„Meine Grenzenlosigkeit hat mich zu dem gemacht, der ich heute bin und meine Grenzenlosigkeit hat mich auch ins Gefängnis gebracht“, sagt Boris Becker (57) am Donnerstagabend (11. September) im Berliner Delphi Filmpalast. Es ist ein ganz besonderer Abend für den Tennis-Star und die ganze Familie Becker: Boris stellt an diesem Abend sein neues Buch „Inside“ vor – der Titel bezieht sich auch auf seine Zeit im Gefängnis, die einen großen Teil des Buches ausmacht. Auf dem Cover stehen seine Haftnummer A2923EV sowie die Worte „Gewinnen, verlieren, neu beginnen“. Auch der Berliner KURIER war vor Ort.

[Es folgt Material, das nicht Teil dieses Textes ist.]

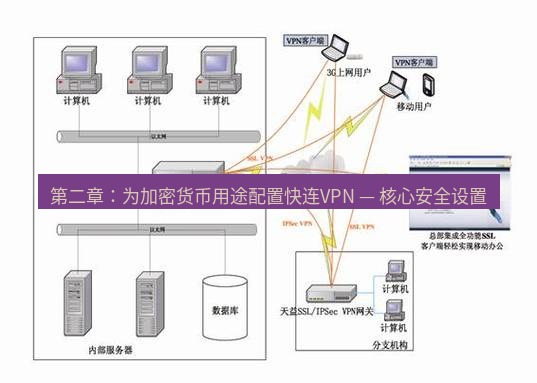 快连VPN 第二章：为加密货币用途配置快连VPN — 核心安全设置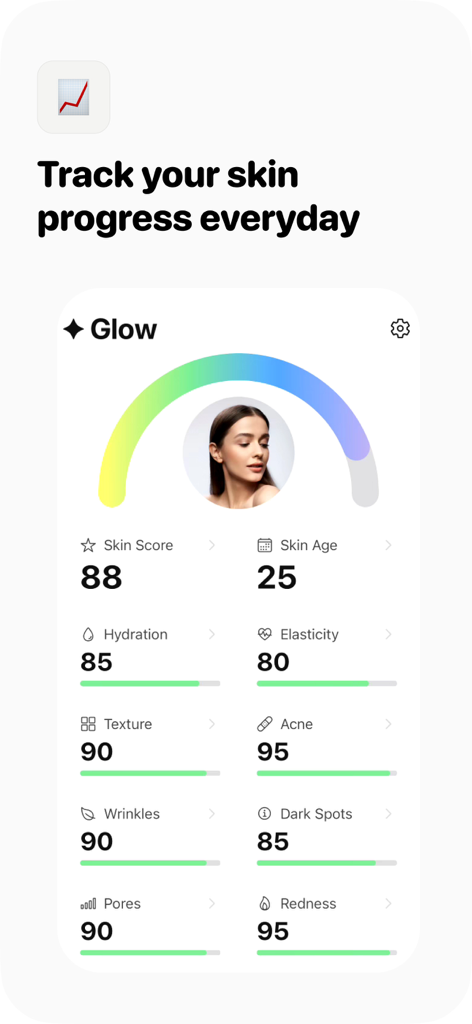 Glow - AI Skin Scanner - Mobile app interface displaying detailed skin health scores and progress tracking for hydration texture and acne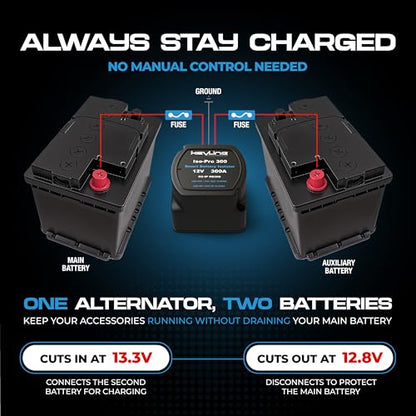 Dual Battery Isolator Heavy Duty 300 AMP 1000 AMP Peak Voltage Sensitive Relay VSR for 12 Volt Systems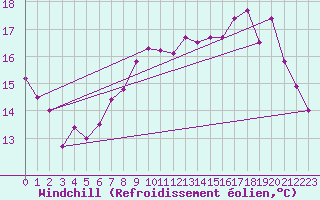 Courbe du refroidissement olien pour Albert-Bray (80)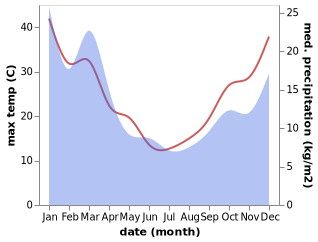 temperature and rainfall during the year in Bungendore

Boris Becker bringt einen Teil seiner Familie mit auf den roten Teppich
Interviews gibt Boris Becker an diesem Abend in der Hauptstadt nur an drei vorher festgelegte TV-Sender, die anderen Medien gehen leer aus, dürfen aber zumindest beim eineinhalbstündigen Gespräch mit Moderator Matthias Killing (45) lauschen.

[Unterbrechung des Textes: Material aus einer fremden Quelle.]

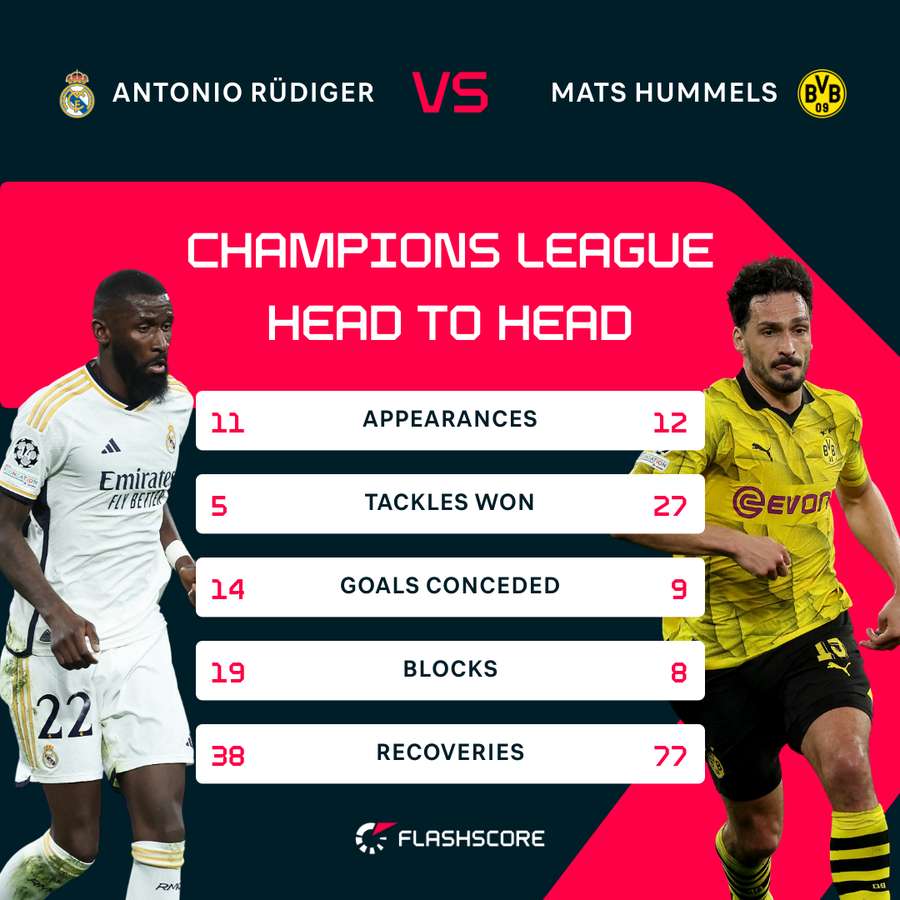 Rudiger v Hummels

Auch Boris Beckers Frau Lilian de Carvalho Monteiro (35), sein Sohn Noah Becker (31), seine Schwester Sabine Becker-Schorp und ihre zwei Kinder begleiten ihn auf den roten Teppich und später teilweise auch mit auf die Bühne. Doch noch ein sechstes Familienmitglied ist an diesem Abend mit dabei: Boris und Lilians noch ungeborenes Kind.

In einem weißen hautengen Kleid, das ihre Babykugel besonders gut betont, strahlt Lilian an der Seite der Tennis-Legende. Boris' mittlerweile fünftes Kind wird Mitte Dezember erwartet. Auch Boris kommt fast ganz in Weiß. Hose, Jackett, Schuhe, alles ist auf Lilians Outfit abgestimmt, nur Beckers Hemd ist Schwarz – vielleicht ein kleiner Hinweis darauf, dass Boris Becker bezüglich seiner Insolvenzvergehen doch keine ganz so reine Weste hat, wie er sich selbst auch heute noch in manchen Momenten verkauft?
Denn ja, auch an diesem Abend erweckt Becker den Eindruck, als hätte er für die Sache mit dem Gerichtsurteil am 29. April 2022 und der anschließenden Haftstrafe eine plausible Erklärung. Er habe es damals nur zwei Wochen lang versäumt, seinem Insolvenzverwalter ein paar Vermögenswerte mitzuteilen und außerdem mit Mitteln aus der Firma Privatangelegenheiten bezahlt, das könne jedem passieren, stellt er klar. Er habe niemals vorsätzlich gehandelt, sondern eigentlich nur den falschen Leuten vertraut.

Ob das damals wirklich so war, wie Becker nach wie vor behauptet, man weiß es nicht. Doch ob die Strafe damals nun gerechtfertigt war oder nicht, spielt für Boris Becker scheinbar keine große Rolle mehr. So oder so hat ihn das Gefängnis gereinigt, ihn bescheidener und dankbarer gemacht und ihm gezeigt, wer wirklich an seiner Seite steht, erzählt er. Außerdem habe er seine Lektion gelernt. In der Zeit vor seiner Inhaftierung habe Becker in einer Komfortzone gelebt, viel getrunken und gegessen, nicht auf sich aufgepasst. Das Gefängnis war seine große Chance, davon ist er überzeugt. Heute weiß er wieder kleine Dinge zu schätzen. Und er glaubt, dass auch sein früher Karriereweg und das Leben in der Öffentlichkeit dazu geführt haben, dass er im Gefängnis gelandet ist. „Mein Wimbledon-Sieg 1985 trägt eine Mitschuld daran“, sagt er.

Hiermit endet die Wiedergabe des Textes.